Let's begin with some basic concepts.

Bloom Filters

Bloom filters are probabilistic data structures used in big data pipelines for efficient set membership testing. They provide:

A definitive NO for non-membership
A probable YES for membership.

A deterministic full hash sets would consume excessive memory. Conversely, bloom filters are memory-efficient by sacrificing the determinism for true positives.

Implementation

A basic implementation uses a bit array. Elements are mapped to array indices via hash functions, setting the corresponding bits to 1 for potential membership.

To minimize false positives, multiple hash functions are employed.

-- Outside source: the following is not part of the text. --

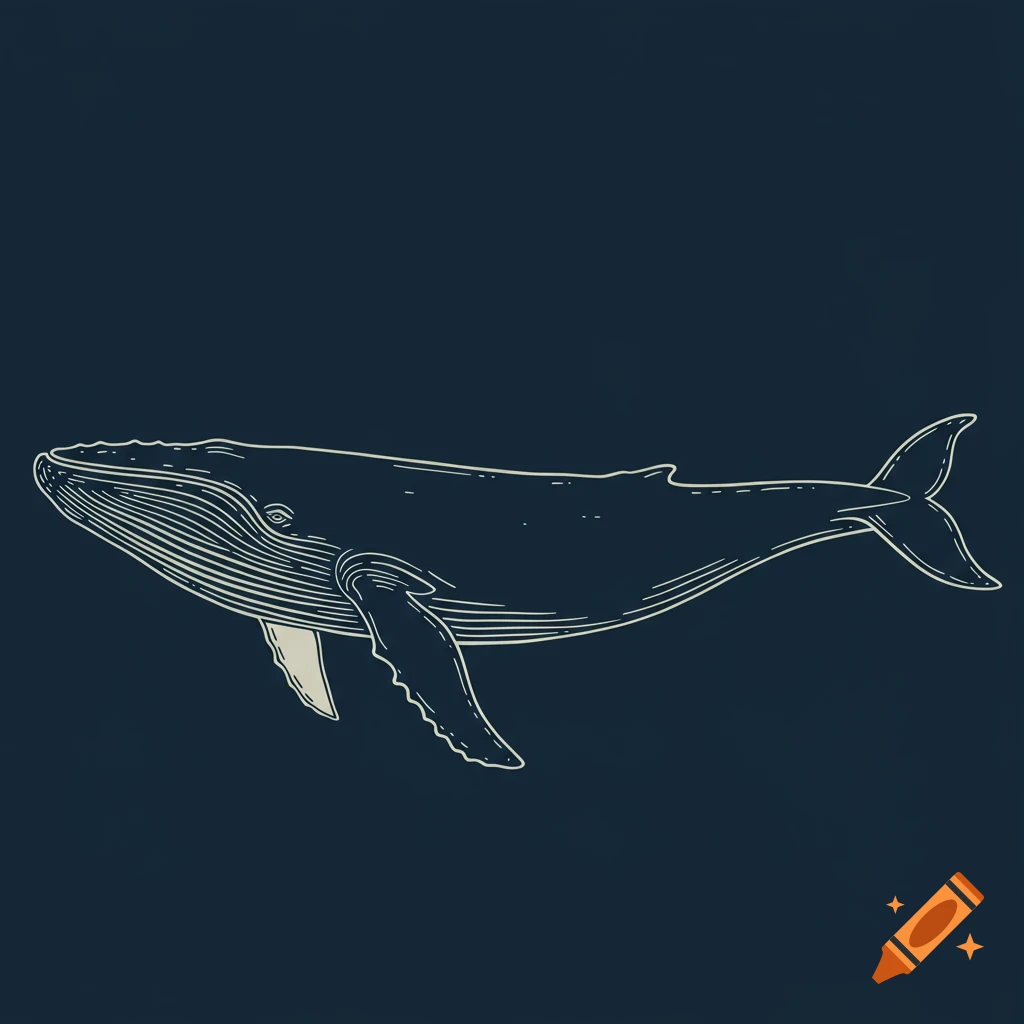 An outline drawing of a whale on a dark blue background.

If all corresponding bits are 1 after hashing, the element might be a member. If any bit is 0, it's definitely not. The number of hash functions and the size of the bit array affect the false positive rate.

SQL Databases

SQL databases are a category of databases which are inherently consistency. This implies that data integrity is always upheld. For instance, in a banking database, the cumulative balance across all accounts must remain unchanged at any time regardless of the number of transfer transactions.

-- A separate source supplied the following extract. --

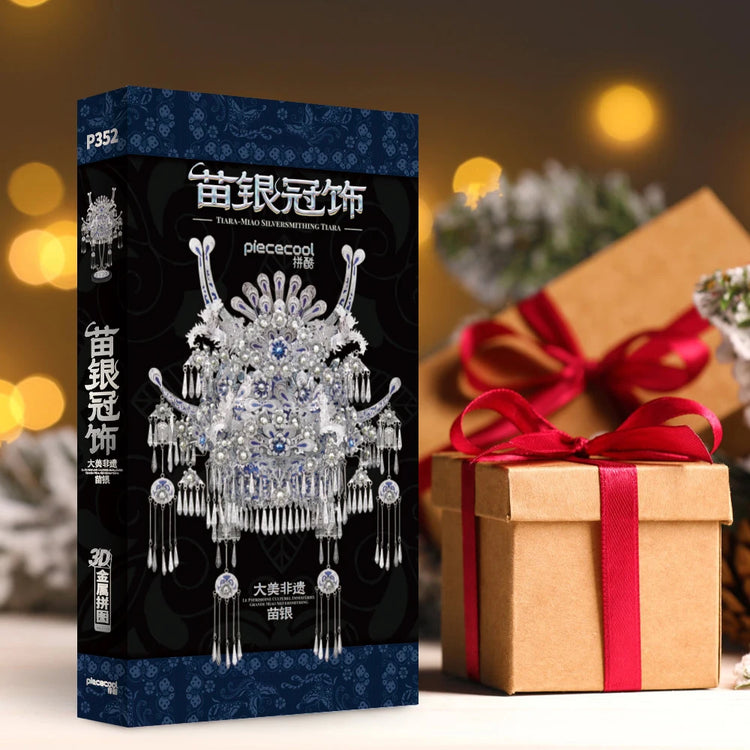 Tiara-Miao 3D Metal Puzzle – Piececool DIY Crown with Tassels Model Kit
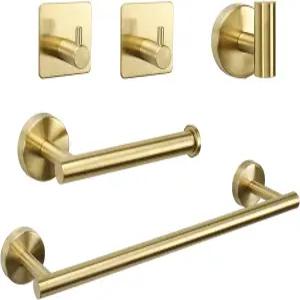 TocTen 욕실 하드웨어 세트 두꺼운 스테인리스 스틸 목욕 타월 바 욕실용 랙 포함 + 3 로브 후크 벽걸이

To ensure this data consistency (the C in ACID), SQL databases necessitate support for atomic operations (the A in ACID), transaction isolation (the I in ACID), and durable storage (the D in ACID).

Classification

SQL databases can be categorized into two types:

Real-time, Strongly Consistent: Examples include Spanner, AuroraDB, and non-distributed versions of MySQL. These databases guarantee immediate visibility of transaction results, ensuring strong consistency in real-time.
Non-real-time, Consistent: Data warehouses like Mesa/Napa, and Snowflake fall under this category. While maintaining consistency, they may exhibit some data staleness as all transactions might not have been immediately applied.

Recommended Reads:

Applications

Both Online Transaction Processing (OLTP) and Online Analytical Processing (OLAP) applications critically rely on SQL databases. NoSQL databases shouldn't be used for transactional or analytical workloads.

NoSQL Databases

Databases that do not adhere to the SQL semantics discussed above are generally categorized as NoSQL databases. These databases are sometimes referred to as BASE databases, contrasting them with ACID databases. They often prioritize faster request processing by relaxing some of the stringent ACID guarantees.

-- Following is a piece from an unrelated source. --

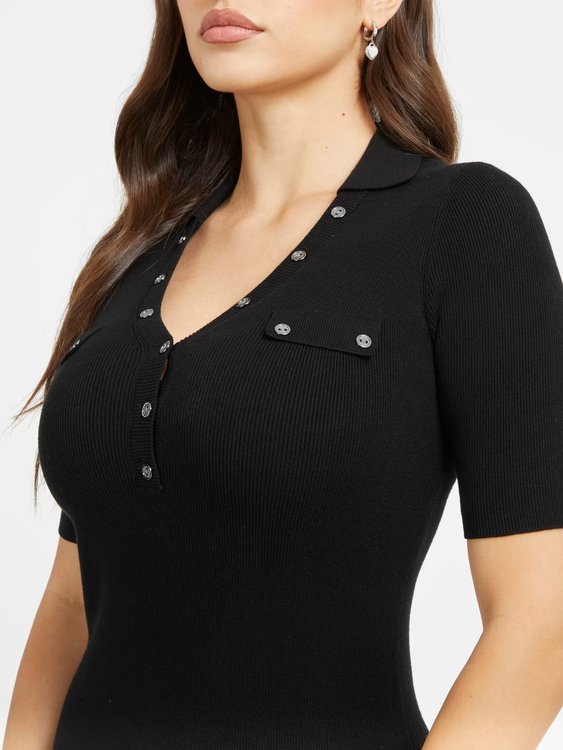 Luxusní Grace Henley šaty, Černá barva, XS, S, M, L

For example, Bigtable, a prominent NoSQL database, supports atomicity only for modifications within a single row.

Classification

NoSQL databases exhibit diverse architectures and can be broadly classified into the following categories:

Key-Value Stores: These are the generalized NoSQL databases, offering a simple key-value data model. Example - Dynamo.

Document Databases: In these databases, the values are structured documents, often in formats like JSON. Examples include MongoDB and CouchBase.

Wide-Column Databases: These databases allow for a dynamic number of columns in a table structure. Prominent examples include Cassandra, HBase, and Bigtable, all of which are heavily influenced by the data structures and design principles of Google's Bigtable.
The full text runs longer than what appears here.